It's been almost exactly three full years since Rei Kawakubo unleashed her primary-coloured, two-dimensional, nursery-shaped AW12 collection, responding to the way the Internet was reshaping real experiences into virtual flatness — and daring the world (and the rest of fashion) to prove her wrong.
Fast forwarding to 2015, the reality is far less simple. All through London Fashion Week, there's been an intense emphasis on technique and texture, as brands jostle to display their intricate, radically crafted surfaces. Michael van der Ham was on board this particular bandwagon before Kawakubo fired her warning salvo, though. And over the seasons he's stayed true to his gentle collaged forms and multilayered fabrications whilst the rest of the schedule came round to his way of thinking.

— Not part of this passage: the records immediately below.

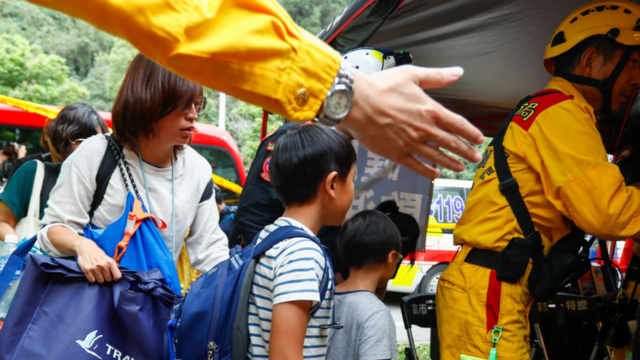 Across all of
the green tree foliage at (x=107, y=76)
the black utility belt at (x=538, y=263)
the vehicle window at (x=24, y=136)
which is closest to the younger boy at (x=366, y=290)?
the black utility belt at (x=538, y=263)

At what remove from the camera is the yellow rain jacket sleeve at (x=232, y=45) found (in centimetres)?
124

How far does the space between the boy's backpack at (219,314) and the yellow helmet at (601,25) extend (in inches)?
70.5

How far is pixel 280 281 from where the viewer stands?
6.84 ft

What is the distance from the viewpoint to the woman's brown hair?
2516 mm

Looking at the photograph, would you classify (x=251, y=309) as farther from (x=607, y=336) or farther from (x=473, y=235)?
(x=607, y=336)

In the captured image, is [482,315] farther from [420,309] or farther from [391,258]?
[420,309]

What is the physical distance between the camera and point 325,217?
2.49 m

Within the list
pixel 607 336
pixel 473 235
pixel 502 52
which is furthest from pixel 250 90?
Result: pixel 502 52

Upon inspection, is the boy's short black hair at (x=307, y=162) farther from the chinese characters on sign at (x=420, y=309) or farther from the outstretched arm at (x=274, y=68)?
the chinese characters on sign at (x=420, y=309)

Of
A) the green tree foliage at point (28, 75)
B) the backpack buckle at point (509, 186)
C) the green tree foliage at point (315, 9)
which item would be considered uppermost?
the green tree foliage at point (315, 9)

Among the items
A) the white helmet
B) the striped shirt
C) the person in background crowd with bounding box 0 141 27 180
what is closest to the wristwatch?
the striped shirt

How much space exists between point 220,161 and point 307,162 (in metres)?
11.5

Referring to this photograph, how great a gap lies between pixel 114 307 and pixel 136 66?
1001 millimetres

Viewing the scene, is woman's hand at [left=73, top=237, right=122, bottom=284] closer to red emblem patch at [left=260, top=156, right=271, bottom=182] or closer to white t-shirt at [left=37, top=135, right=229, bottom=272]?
white t-shirt at [left=37, top=135, right=229, bottom=272] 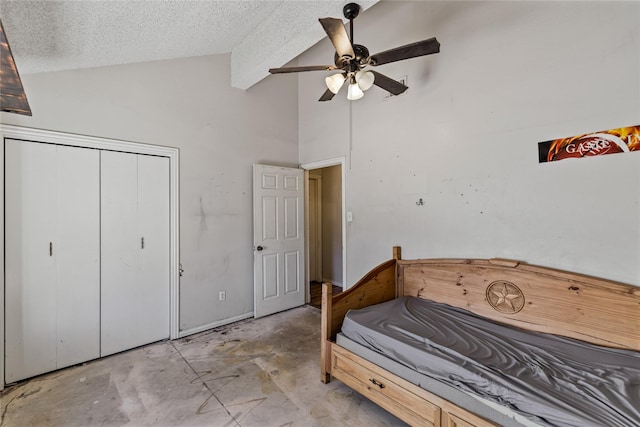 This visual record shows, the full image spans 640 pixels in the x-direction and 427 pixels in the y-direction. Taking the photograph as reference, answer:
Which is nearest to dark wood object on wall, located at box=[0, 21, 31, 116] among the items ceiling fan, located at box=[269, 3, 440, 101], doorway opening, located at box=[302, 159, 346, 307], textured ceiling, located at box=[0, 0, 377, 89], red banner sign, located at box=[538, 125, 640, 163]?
textured ceiling, located at box=[0, 0, 377, 89]

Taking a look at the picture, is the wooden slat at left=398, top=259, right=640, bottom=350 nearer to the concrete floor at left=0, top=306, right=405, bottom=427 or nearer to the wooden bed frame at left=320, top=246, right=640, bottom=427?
the wooden bed frame at left=320, top=246, right=640, bottom=427

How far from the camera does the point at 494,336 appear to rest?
1.98 metres

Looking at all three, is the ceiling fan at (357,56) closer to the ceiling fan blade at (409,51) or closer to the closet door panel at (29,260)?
the ceiling fan blade at (409,51)

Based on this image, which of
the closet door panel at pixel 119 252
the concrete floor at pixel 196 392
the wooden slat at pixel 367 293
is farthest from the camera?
the closet door panel at pixel 119 252

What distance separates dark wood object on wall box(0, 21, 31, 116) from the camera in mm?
1082

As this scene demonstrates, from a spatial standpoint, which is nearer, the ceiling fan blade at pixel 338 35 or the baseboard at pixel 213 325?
the ceiling fan blade at pixel 338 35

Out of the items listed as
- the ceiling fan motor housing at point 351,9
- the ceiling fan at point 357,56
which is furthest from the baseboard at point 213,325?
the ceiling fan motor housing at point 351,9

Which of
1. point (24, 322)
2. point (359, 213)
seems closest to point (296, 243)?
point (359, 213)

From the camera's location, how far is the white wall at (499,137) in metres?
1.88

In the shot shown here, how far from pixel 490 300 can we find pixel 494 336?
0.39 m

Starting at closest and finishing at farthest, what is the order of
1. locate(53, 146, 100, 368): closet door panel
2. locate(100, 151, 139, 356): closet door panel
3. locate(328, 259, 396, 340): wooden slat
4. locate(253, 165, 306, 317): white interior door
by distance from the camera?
1. locate(328, 259, 396, 340): wooden slat
2. locate(53, 146, 100, 368): closet door panel
3. locate(100, 151, 139, 356): closet door panel
4. locate(253, 165, 306, 317): white interior door

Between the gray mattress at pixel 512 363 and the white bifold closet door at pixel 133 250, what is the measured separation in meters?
2.06

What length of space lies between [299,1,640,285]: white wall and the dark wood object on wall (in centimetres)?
275

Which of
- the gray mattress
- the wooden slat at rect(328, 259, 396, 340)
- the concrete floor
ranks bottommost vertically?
the concrete floor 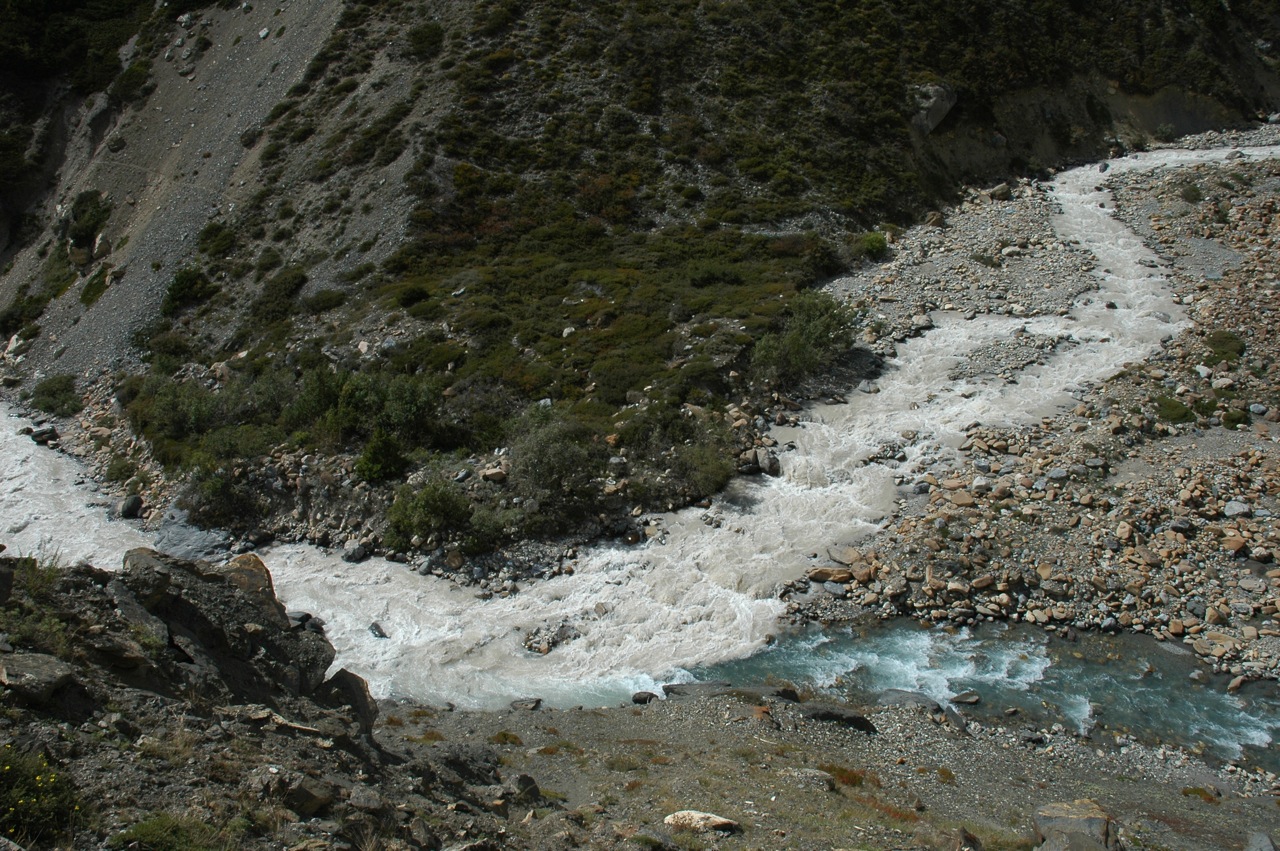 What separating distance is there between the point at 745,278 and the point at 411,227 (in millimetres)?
17426

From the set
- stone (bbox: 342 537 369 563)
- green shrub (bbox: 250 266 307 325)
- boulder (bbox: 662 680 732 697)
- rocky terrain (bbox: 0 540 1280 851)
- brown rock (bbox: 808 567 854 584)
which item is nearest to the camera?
rocky terrain (bbox: 0 540 1280 851)

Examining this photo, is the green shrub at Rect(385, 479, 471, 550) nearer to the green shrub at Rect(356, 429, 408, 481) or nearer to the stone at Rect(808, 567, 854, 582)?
the green shrub at Rect(356, 429, 408, 481)

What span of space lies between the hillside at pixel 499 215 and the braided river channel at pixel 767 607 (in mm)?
1895

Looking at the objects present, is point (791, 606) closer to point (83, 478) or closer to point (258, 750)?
point (258, 750)

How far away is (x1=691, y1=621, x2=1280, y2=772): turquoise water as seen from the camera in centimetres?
2041

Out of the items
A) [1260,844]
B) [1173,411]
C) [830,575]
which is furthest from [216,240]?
[1260,844]

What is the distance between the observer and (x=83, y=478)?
3647 cm

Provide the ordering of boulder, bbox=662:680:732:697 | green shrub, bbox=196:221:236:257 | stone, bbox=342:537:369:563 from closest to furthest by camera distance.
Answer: boulder, bbox=662:680:732:697 → stone, bbox=342:537:369:563 → green shrub, bbox=196:221:236:257

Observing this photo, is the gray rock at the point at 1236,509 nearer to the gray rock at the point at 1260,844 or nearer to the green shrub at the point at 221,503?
the gray rock at the point at 1260,844

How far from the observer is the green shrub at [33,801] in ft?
30.8

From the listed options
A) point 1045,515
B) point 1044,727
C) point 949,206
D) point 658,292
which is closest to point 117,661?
point 1044,727

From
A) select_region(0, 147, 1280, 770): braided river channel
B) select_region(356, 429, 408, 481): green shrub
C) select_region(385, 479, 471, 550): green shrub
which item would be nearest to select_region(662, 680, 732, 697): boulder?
select_region(0, 147, 1280, 770): braided river channel

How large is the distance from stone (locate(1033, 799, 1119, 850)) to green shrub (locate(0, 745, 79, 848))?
1458 centimetres

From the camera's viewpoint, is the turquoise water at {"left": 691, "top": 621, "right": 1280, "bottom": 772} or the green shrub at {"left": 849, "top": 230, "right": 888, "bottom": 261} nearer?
the turquoise water at {"left": 691, "top": 621, "right": 1280, "bottom": 772} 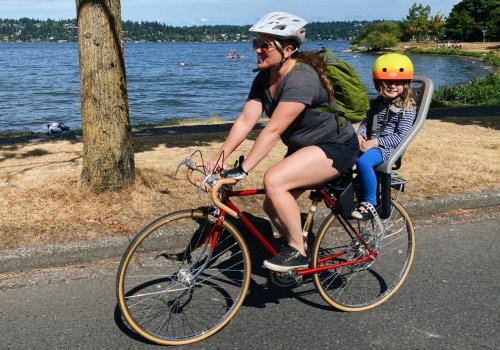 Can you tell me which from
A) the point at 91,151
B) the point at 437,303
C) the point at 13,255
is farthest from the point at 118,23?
the point at 437,303

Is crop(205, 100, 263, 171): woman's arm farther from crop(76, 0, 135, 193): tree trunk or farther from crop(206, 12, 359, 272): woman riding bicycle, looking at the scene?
crop(76, 0, 135, 193): tree trunk

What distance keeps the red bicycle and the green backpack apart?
46 cm

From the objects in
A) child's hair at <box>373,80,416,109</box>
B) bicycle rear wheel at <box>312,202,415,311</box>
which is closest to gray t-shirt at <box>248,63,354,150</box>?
child's hair at <box>373,80,416,109</box>

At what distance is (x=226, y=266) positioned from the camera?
143 inches

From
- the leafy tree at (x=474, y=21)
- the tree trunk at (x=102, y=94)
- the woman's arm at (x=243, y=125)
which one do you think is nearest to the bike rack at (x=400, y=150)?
the woman's arm at (x=243, y=125)

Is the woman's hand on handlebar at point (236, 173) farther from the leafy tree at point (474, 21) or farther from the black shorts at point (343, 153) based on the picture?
the leafy tree at point (474, 21)

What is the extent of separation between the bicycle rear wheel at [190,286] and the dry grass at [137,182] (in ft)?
3.90

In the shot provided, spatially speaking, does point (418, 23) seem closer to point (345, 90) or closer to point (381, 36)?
point (381, 36)

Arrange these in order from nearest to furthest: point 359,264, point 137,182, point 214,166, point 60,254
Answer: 1. point 214,166
2. point 359,264
3. point 60,254
4. point 137,182

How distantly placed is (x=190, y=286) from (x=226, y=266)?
29 cm

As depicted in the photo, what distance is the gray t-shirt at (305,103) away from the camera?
3234mm

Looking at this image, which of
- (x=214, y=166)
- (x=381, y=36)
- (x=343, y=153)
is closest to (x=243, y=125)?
(x=214, y=166)

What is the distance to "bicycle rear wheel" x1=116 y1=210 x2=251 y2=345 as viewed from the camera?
3.29 m

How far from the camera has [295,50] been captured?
3375 mm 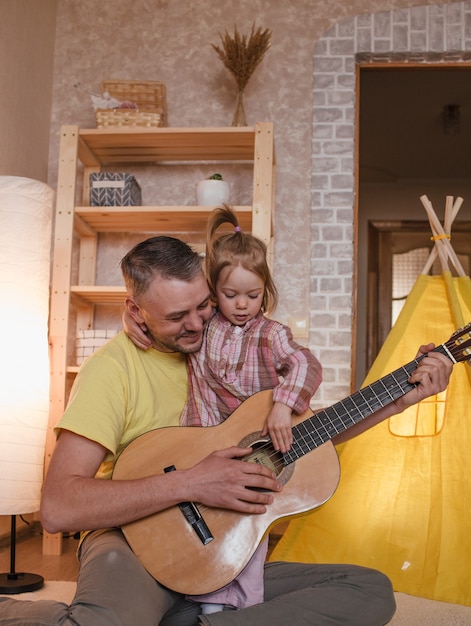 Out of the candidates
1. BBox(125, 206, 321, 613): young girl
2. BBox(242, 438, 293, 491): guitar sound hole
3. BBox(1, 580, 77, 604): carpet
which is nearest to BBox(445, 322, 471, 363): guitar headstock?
BBox(125, 206, 321, 613): young girl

Today's outing was as consistent as ever, opening with the scrap-draped, dreamy frocks that have become the designer's most recognisable signature. But it was when he shifted up the contrast levels — slicing chiffon through tweed, embellishing jacquards with metal and glass, layering cable knits with silk, wrapping sophisticated wool coats in planes of appliquéd organza — that the collection erupted into life. Faded nudes and blues collided with saturated purples and blacks, giving van der Ham's aesthetic a newly confrontational edge. Kawakubo's flat world? Far from it. But the notched-up drama of the show's intricate surfaces were an eloquent acknowledgement of the fact that clothes these days need to operate successfully on screen, just as much as they do in real life.